The problem with having a "buy the dip" strategy is that sell-offs are the scariest time to put money into stocks. People sitting on the sidelines have spent nearly 6 months telling themselves they were going to get long as soon as they got a meaningful pullback. Now that the most serious drop of 2013 is upon us the question is whether or not it's a good idea to be getting long when China is contracting, the Fed might taper, and stocks are still arguably way overbought.
Todd Schoenberger, managing partner at LandColt Capital, mocks the idea of taking profits and hitting the beach. "No Way! Are you kidding me?" he shouts in the attached clip. "If the markets go down 2 to 5% it's a great entry point for your viewers to get back into the market. Dow 16,000 by the end of the year."
The Dow Jones Industrial Average (^DJI) topped just over 15,530 on Wednesday morning. For those not carrying a slide rule at the moment, a 5% correction would put the Dow at 14,750, give or take. From there a recovery to 16,000 would be a gain of 8%. That's just the arithmetic, not a trading thesis.
Schoenberger's idea on the sectors that will do well into a pullback and during a subsequent recovery are oil and gas, travel and leisure, and almost anything multinational. As he sees it the DC ineptitude and geopolitical risk are priced into the tape.

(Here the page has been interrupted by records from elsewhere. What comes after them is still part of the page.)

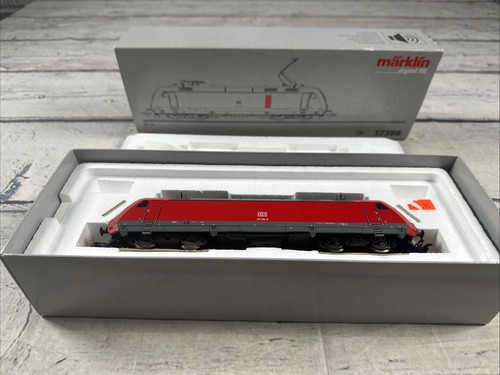 Märklin 37398 serie - 101, 104-8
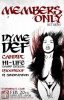 Members Only - Dyme Def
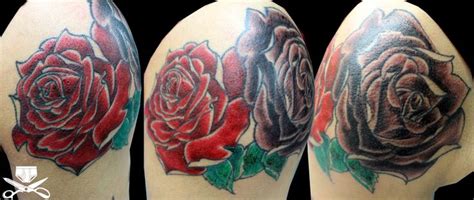 Roses with thorns, however, are most commonly associated with pain. 45 best Rose Petals Tattoo images on Pinterest | Pink ...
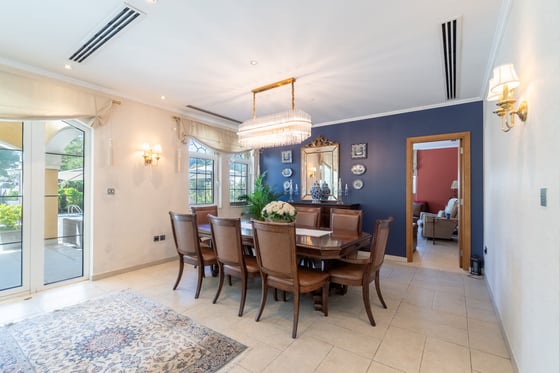 Single Row | Large Plot | Pool | Park View, picture 6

"The headwinds aren't there right now," Schoenberger insists. Sequestration, debt ceilings and anything having to do with North Korea are either non-factors or yesterday's news. Dips are to be bought even if they're driven by the fundamentals. No matter what Wall Street thinks Bernanke said, quantitative easing isn't going to end anytime soon. With yields stuck at or near rock bottom, stocks are the only game in town and Schoenberger says that's going to be the case for the foreseeable future.
Now all investors need to see is a 5% correction and the intestinal fortitude to buy the dip.